[Activity]: What you write must be the listing below in full, word for word, minus its pictures.

[Provided data]:
═══

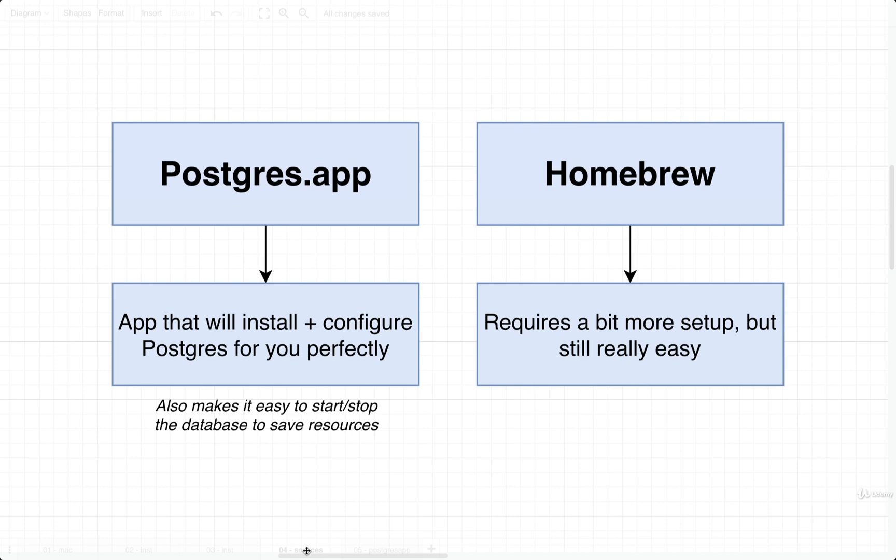there are two possible ways, easy ways, or more than two ways, but two easy ways to install Postgres on a Mac system. We can either use a desktop application called Postgres.app, or we can install it via Homebrew.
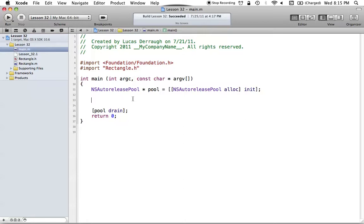Hello everyone, and welcome to the 32nd Objective-C tutorial. In this tutorial, I'm going to be showing you how we can archive our own objects to store them as NSData. In the previous tutorial, I showed you how we could work with some of the objects in the Foundation framework, such as NSArray, NSString, and NSNumber, and how we could archive those and store them as NSData. But we want to be able to do this with our own objects. This is basically the fundamental way files are saved in Cocoa, so it's a pretty interesting tutorial, and you'll definitely be coming back to this in the Cocoa tutorials as well.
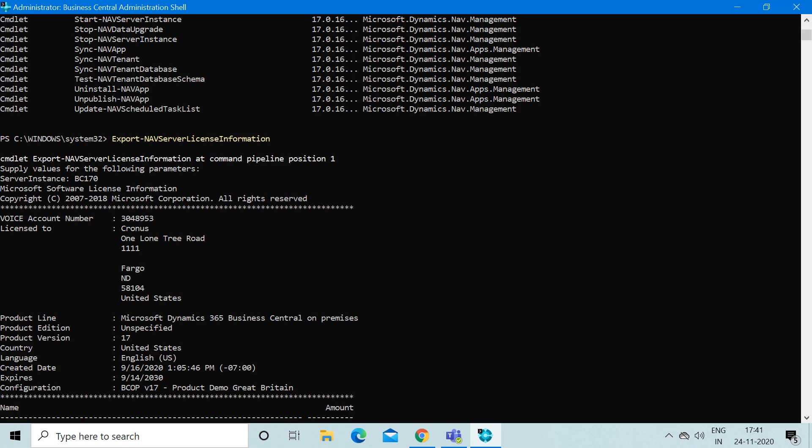To do that, first we have to open up this software termed as Business Central Administration Shell. I have opened the Business Central Administration Shell through administrator rights.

═══

[Expected answer]:
there are two possible ways, easy ways, or more than two ways, but two easy ways to install Postgres on a Mac system. We can either use a desktop application called Postgres.app, or we can install it via Homebrew.
Hello everyone, and welcome to the 32nd Objective-C tutorial. In this tutorial, I'm going to be showing you how we can archive our own objects to store them as NSData. In the previous tutorial, I showed you how we could work with some of the objects in the Foundation framework, such as NSArray, NSString, and NSNumber, and how we could archive those and store them as NSData. But we want to be able to do this with our own objects. This is basically the fundamental way files are saved in Cocoa, so it's a pretty interesting tutorial, and you'll definitely be coming back to this in the Cocoa tutorials as well.
To do that, first we have to open up this software termed as Business Central Administration Shell. I have opened the Business Central Administration Shell through administrator rights.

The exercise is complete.